§ Available data
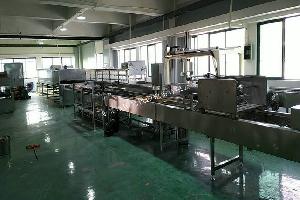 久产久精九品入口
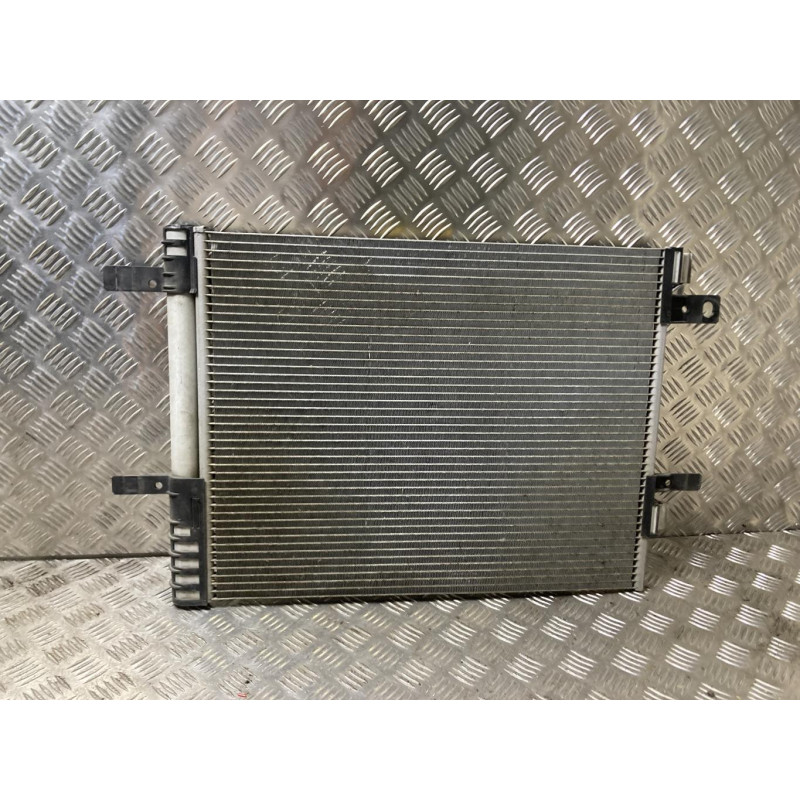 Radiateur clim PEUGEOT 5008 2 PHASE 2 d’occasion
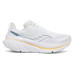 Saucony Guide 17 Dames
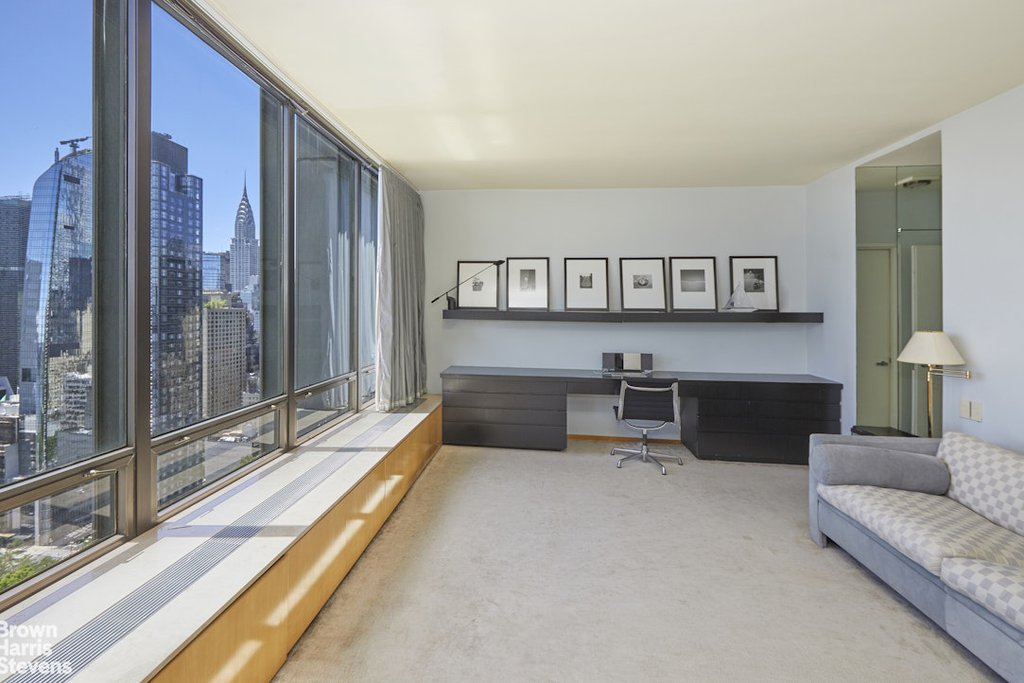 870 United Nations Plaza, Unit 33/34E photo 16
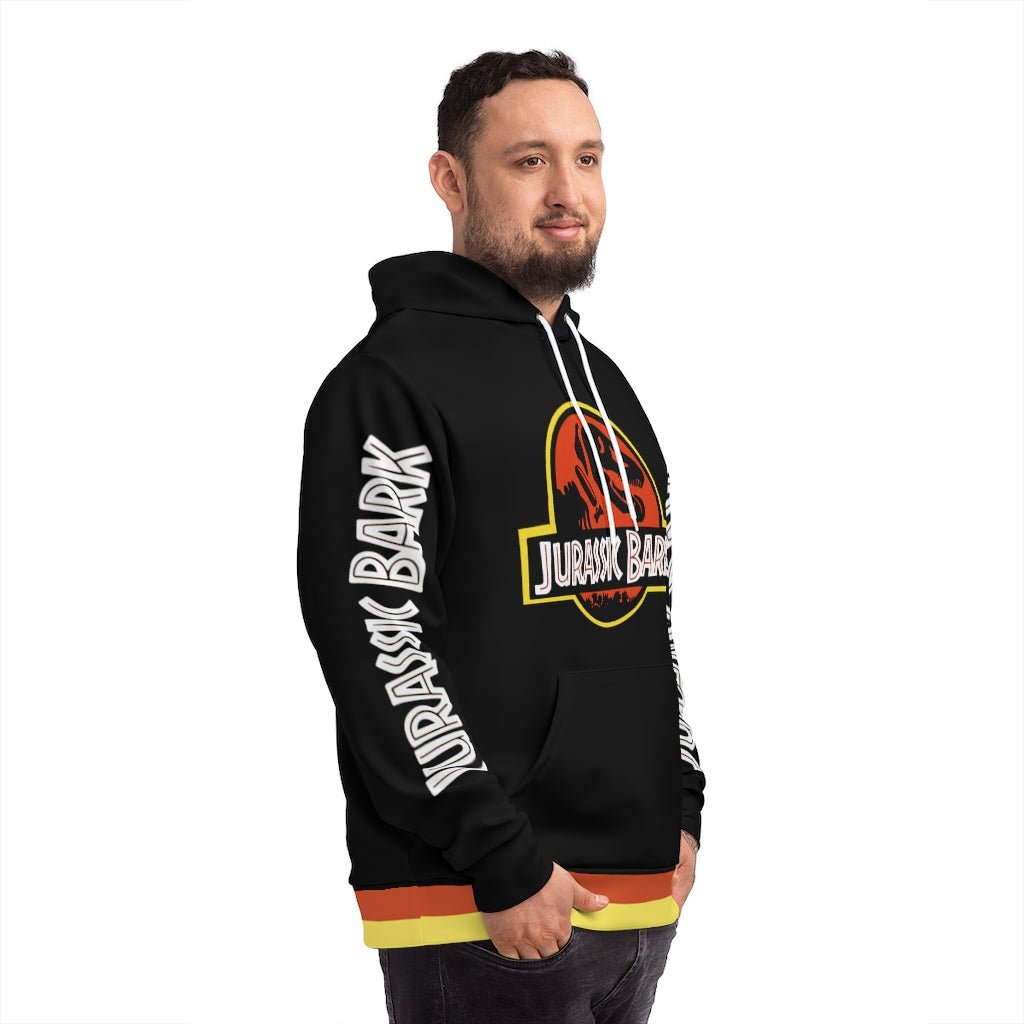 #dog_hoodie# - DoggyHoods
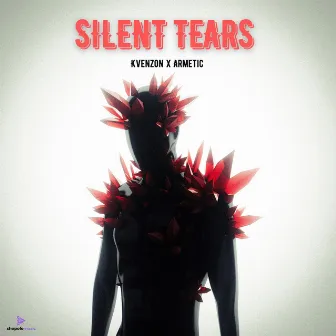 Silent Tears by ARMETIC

---

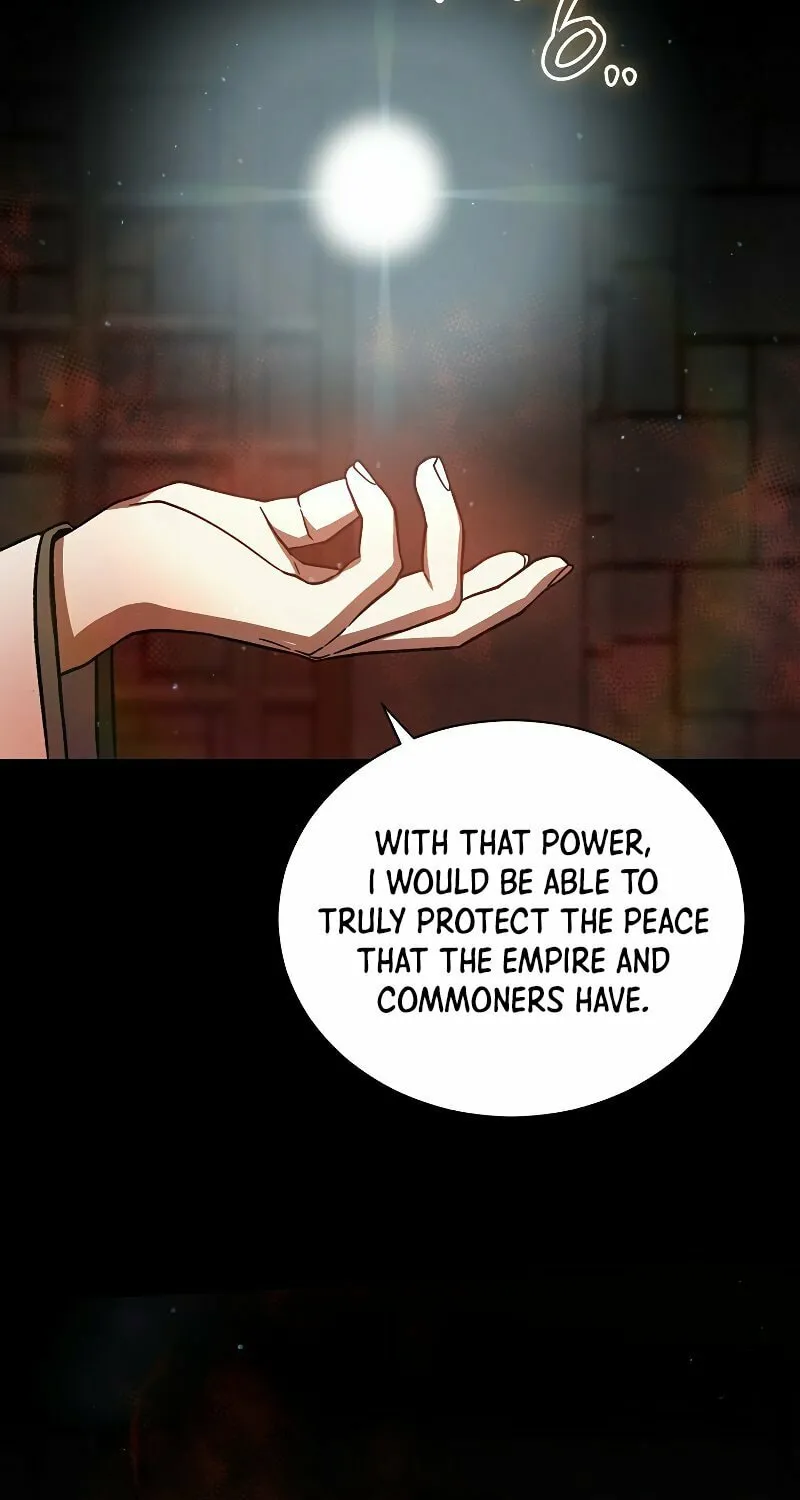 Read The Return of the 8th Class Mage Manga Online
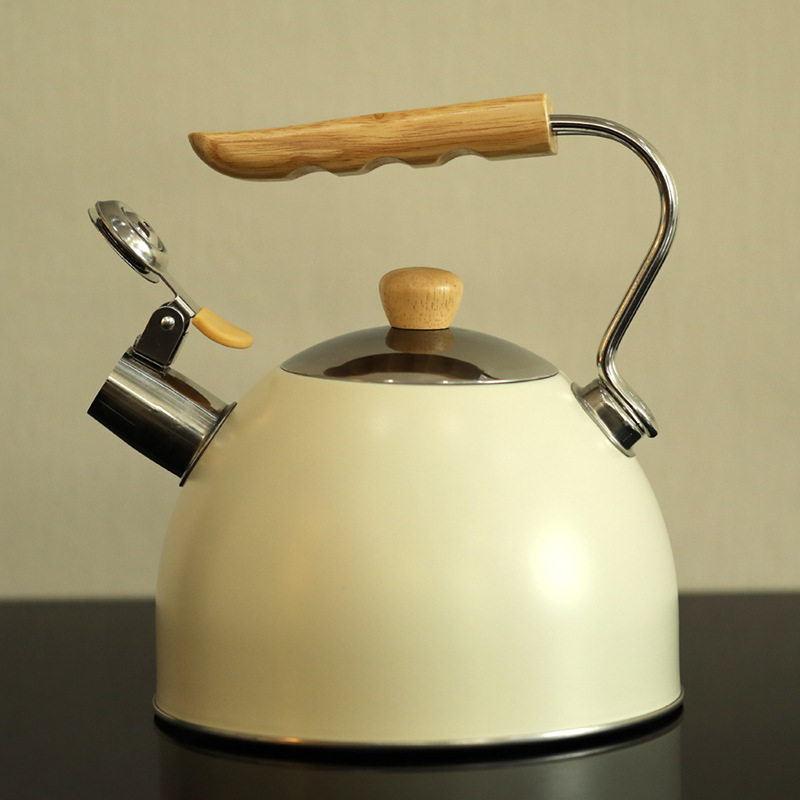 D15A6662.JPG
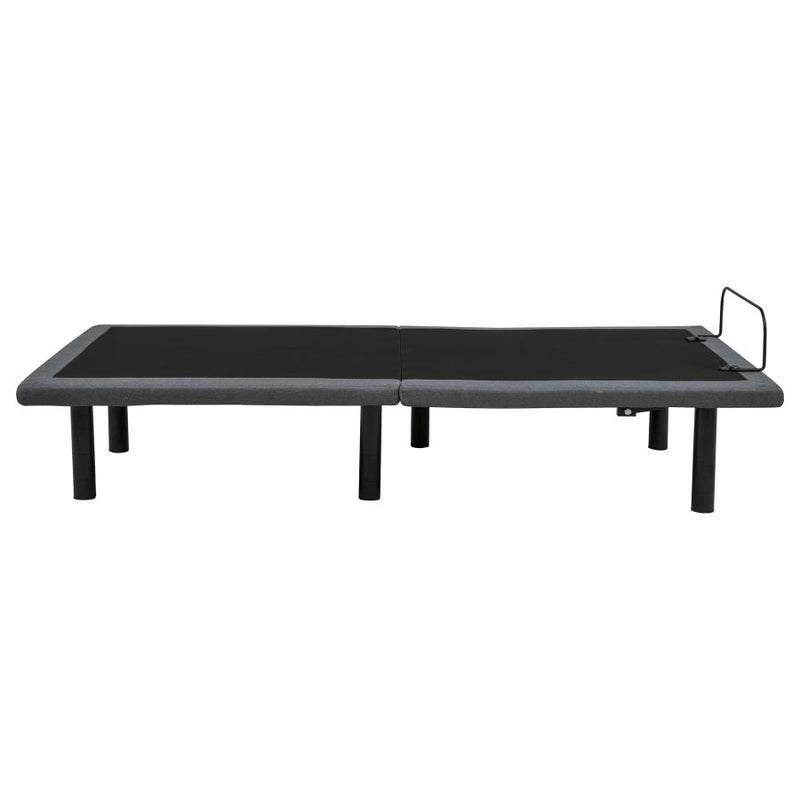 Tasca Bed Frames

§ Assignment
Beginning with the line above that has "Radiateur clim PEUGEOT" and going on through the line that has "Silent Tears by ARMETIC", retype every line exactly and add nothing else; drop the pictures.

§ Exercise solution
 Radiateur clim PEUGEOT 5008 2 PHASE 2 d’occasion
 Saucony Guide 17 Dames
 870 United Nations Plaza, Unit 33/34E photo 16
 #dog_hoodie# - DoggyHoods
 Silent Tears by ARMETIC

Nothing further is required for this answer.